A system crash occurs during flow deletion and GRO table cleanup, specifically when an IPv6 Virtual Server (VS) flow that was marked for deletion has a trailing packet.
Symptoms:
In such a scenario, Service Engine can crash with a segmentation fault at rte_pktmbuf_free
To investigate further, you can review the latest stack traces from the Controller or SE by accessing the following path:
CLI:
Log in to the Controller via SSH and run this command. Please note you have to replace the name of the se_dp file here.

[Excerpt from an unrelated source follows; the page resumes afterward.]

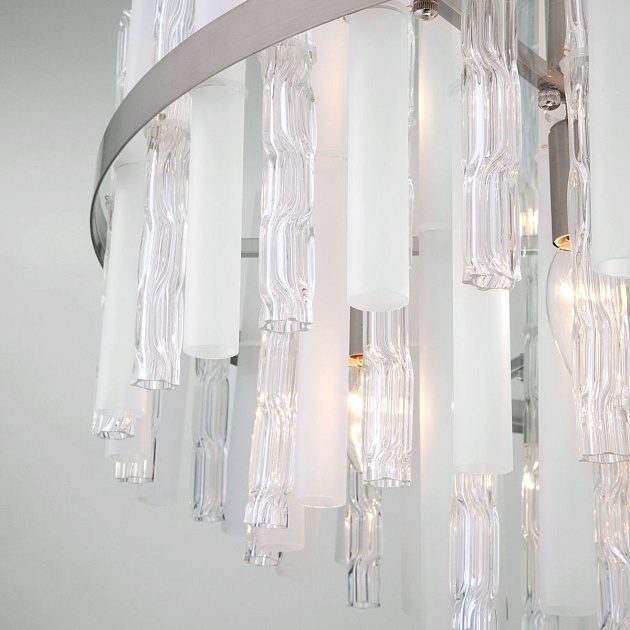 Подвесная люстра Bogates Hollis 367/12 Smart изображение 3 Подвесная люстра Bogates Hollis 367/12 Smart Фото № 3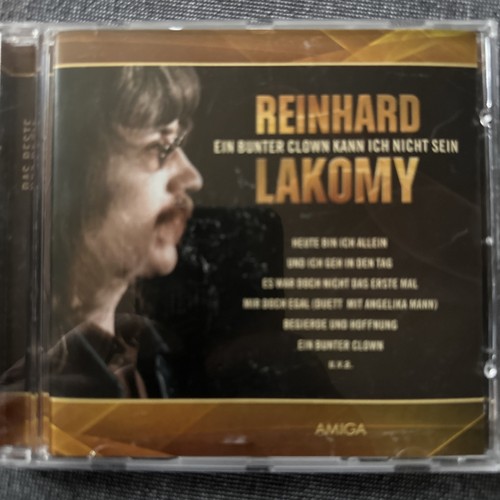 Reinhard lakomy ein bunter - cd,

root@<Controller ip>:# cat /opt/avi/archive/stack_traces/<se_dp.timestamp>.stack_trace
UI:
Navigate to Administration > Support > Crash Reports > Expand the latest crash file.
Avi Version: 30.2.2
IPV6 Virtual service
The core issue stems from a race condition and stale memory access during the cleanup of IPv6 Virtual Service flows.
Trailing Packet Anomaly: A trailing packet arrives for an IPv6 VS flow that has already been marked for deletion. This packet puts the Generic Receive Offload (GRO) layer in an inconsistent state.
Stale Memory Access during Cleanup: Subsequently, during the process of deleting this flow and cleaning up its associated GRO table entries, the system attempts to access memory that has either been deallocated or contains outdated information. This stale memory access leads to the system crash.
Workaround: Disable GRO in the service engine group.
The workaround is to disable GRO in the service engine group settings.
Please refer to the commands below. The command will toggle the disable_gro value from True to False.
Log in to the CLI of the Avi Controller
shell
configure serviceenginegroup <se_group_name>
disable_gro
save
Verify the changes:
show serviceenginegroup <se_group_name> | grep disable_gro
The above command should return false as below.
| disable_gro | False |
Note: Reboots of service engines are not required.
The issue has been fixed in 30.2.2-2p6
Note: Reboot of service engines are not required.